TRY IT: Return the lines of the data below, from the one containing "资产评估考博院校有哪些?-图1 资产评估考博院校有哪些?-图1" through the very last, exactly and with both ends included; no pictures.

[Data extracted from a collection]
################

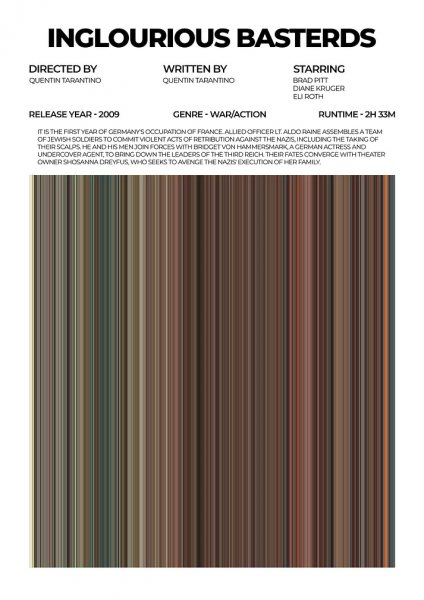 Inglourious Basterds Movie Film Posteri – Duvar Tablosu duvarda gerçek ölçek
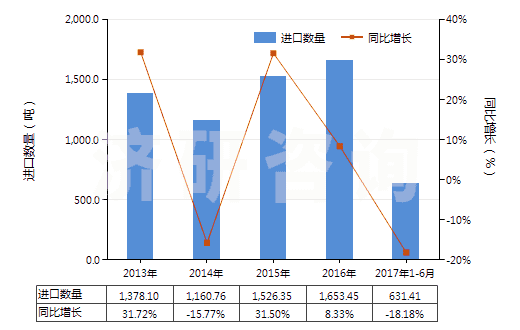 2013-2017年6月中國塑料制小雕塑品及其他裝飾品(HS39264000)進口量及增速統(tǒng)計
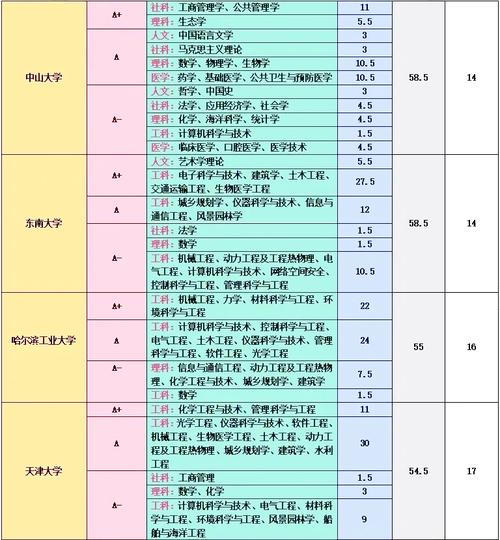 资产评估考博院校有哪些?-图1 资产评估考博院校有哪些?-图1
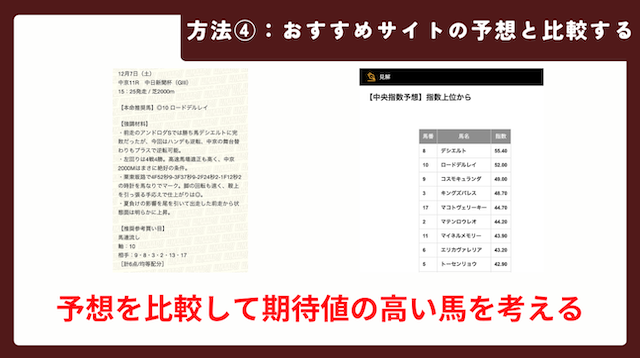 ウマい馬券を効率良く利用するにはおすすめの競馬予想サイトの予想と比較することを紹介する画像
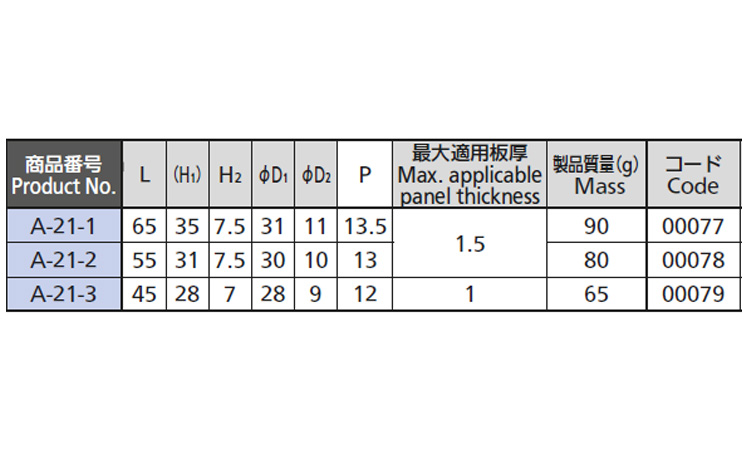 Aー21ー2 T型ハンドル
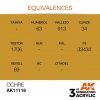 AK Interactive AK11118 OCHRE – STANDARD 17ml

################

OUTPUT FOR THIS EXERCISE:
 资产评估考博院校有哪些?-图1 资产评估考博院校有哪些?-图1
 ウマい馬券を効率良く利用するにはおすすめの競馬予想サイトの予想と比較することを紹介する画像
 Aー21ー2 T型ハンドル
 AK Interactive AK11118 OCHRE – STANDARD 17ml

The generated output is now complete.